▶ **Task description**
In full and unchanged, set down the entries that follow, with no images.

▶ **Recorded data**

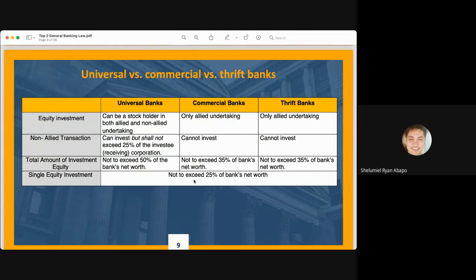This single investment limitation of 25% of the bank's net worth is intended to prevent banks from putting all their eggs in one basket — from taking on massive exposure to a single corporation. If the bank makes a massive investment in a high-growth, high-yield corporation that subsequently collapses, the bank may no longer be able to honor the withdrawals of its depositors. This requirement limits banks from making massive, concentrated investments in a single entity.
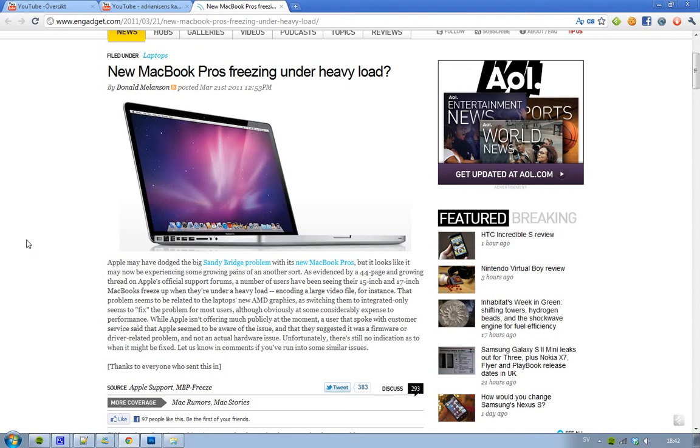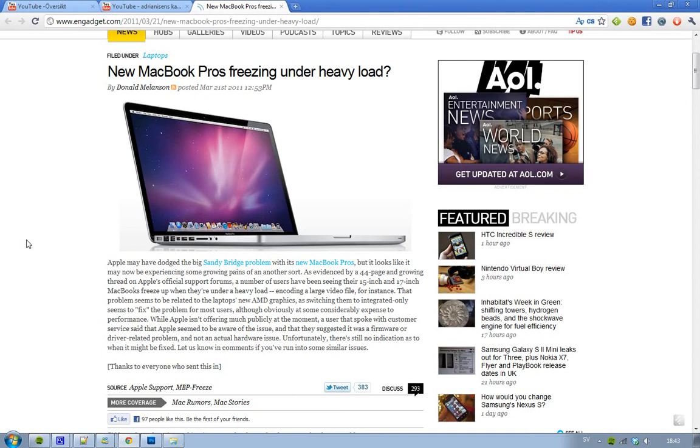They haven't announced any fix, but they are aware of this issue right now. They are saying that this is mostly caused by a driver-related problem or a firmware problem and not hardware issues. They're probably saying that to calm people down because if it's wrong with the hardware, that's not good for Apple.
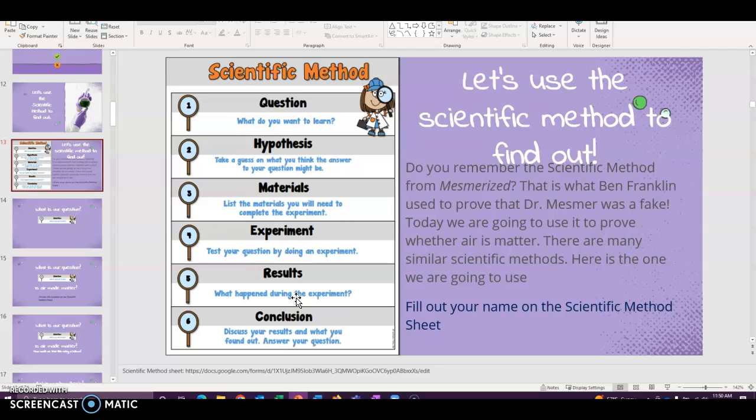So there's lots of really similar scientific methods. The scientific method is just the process to figure out, come to a conclusion in science. So this is the one we're going to use. Again, all of them are very similar. The one we're going to use, we're going to start off with a question and then a hypothesis, material, experiment, results, and conclusion.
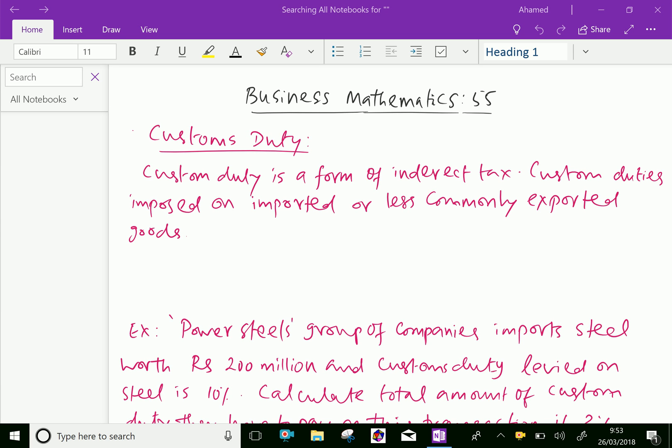Welcome to AminAcademy.com. In business mathematics, let us do some example problem regarding customs duty.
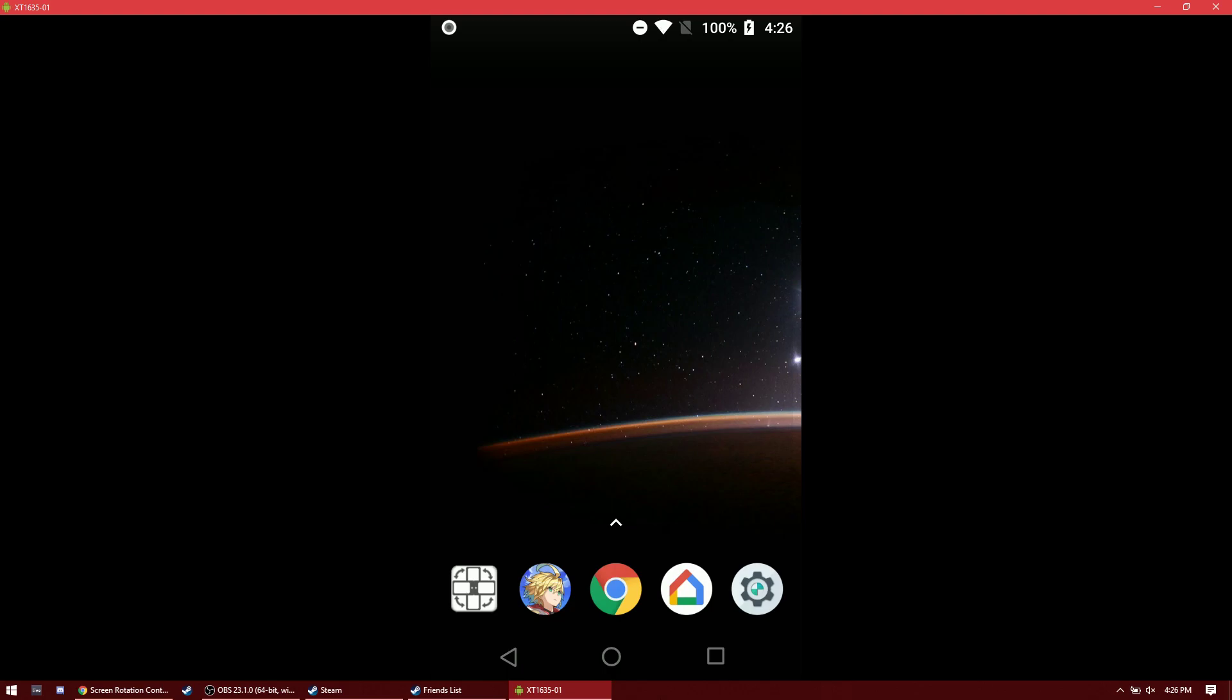Hi. For this video, I wanted to show you how I play Dragalia Lost on my computer in widescreen mode with a controller.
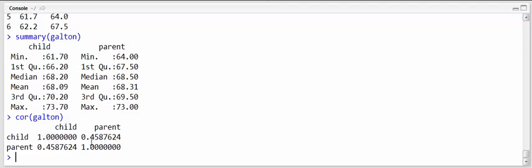And of course it's symmetric because the correlation between the child and the parent is the same as the correlation between the parent and the child. In this case it works out to be about 0.46.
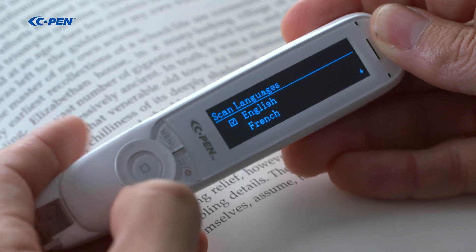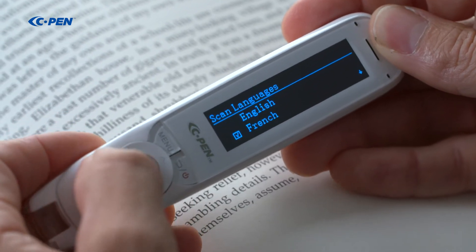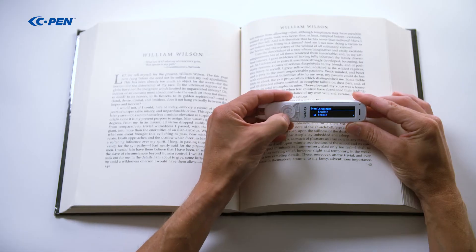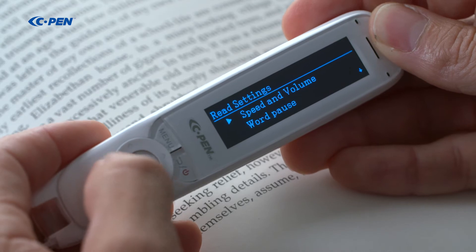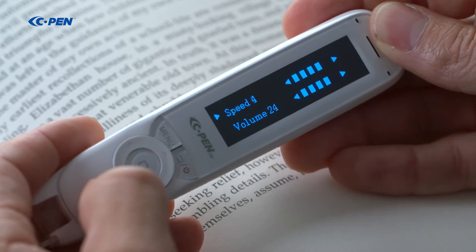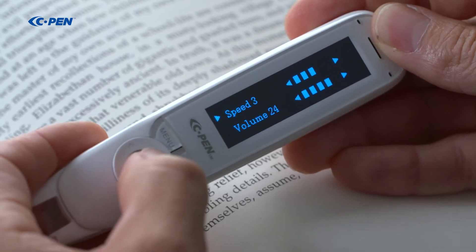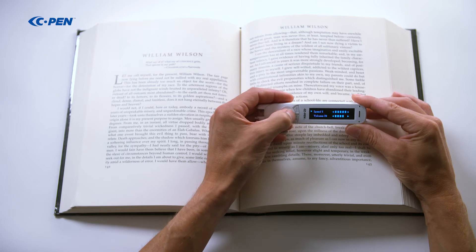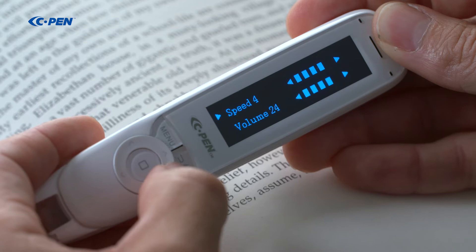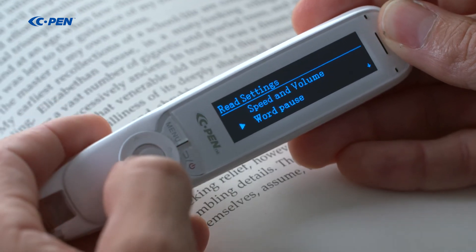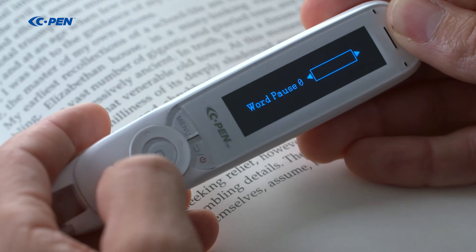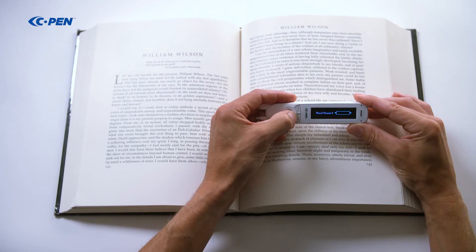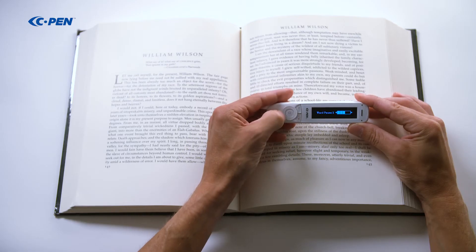Scan languages allows you to set which language to read. Check the text below for the list of available languages. The reading settings are used to optimize text reading. You can set the speed with which the text is read, 5 being fastest and 0 slowest; 3 to 4 is considered average speed. Word pause is used to insert additional pauses in between words: 0 means no additional pause, 5 means the longest pause.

▶ **Exercise output**
This single investment limitation of 25% of the bank's net worth is intended to prevent banks from putting all their eggs in one basket — from taking on massive exposure to a single corporation. If the bank makes a massive investment in a high-growth, high-yield corporation that subsequently collapses, the bank may no longer be able to honor the withdrawals of its depositors. This requirement limits banks from making massive, concentrated investments in a single entity.
They haven't announced any fix, but they are aware of this issue right now. They are saying that this is mostly caused by a driver-related problem or a firmware problem and not hardware issues. They're probably saying that to calm people down because if it's wrong with the hardware, that's not good for Apple.
So there's lots of really similar scientific methods. The scientific method is just the process to figure out, come to a conclusion in science. So this is the one we're going to use. Again, all of them are very similar. The one we're going to use, we're going to start off with a question and then a hypothesis, material, experiment, results, and conclusion.
Welcome to AminAcademy.com. In business mathematics, let us do some example problem regarding customs duty.
Hi. For this video, I wanted to show you how I play Dragalia Lost on my computer in widescreen mode with a controller.
And of course it's symmetric because the correlation between the child and the parent is the same as the correlation between the parent and the child. In this case it works out to be about 0.46.
Scan languages allows you to set which language to read. Check the text below for the list of available languages. The reading settings are used to optimize text reading. You can set the speed with which the text is read, 5 being fastest and 0 slowest; 3 to 4 is considered average speed. Word pause is used to insert additional pauses in between words: 0 means no additional pause, 5 means the longest pause.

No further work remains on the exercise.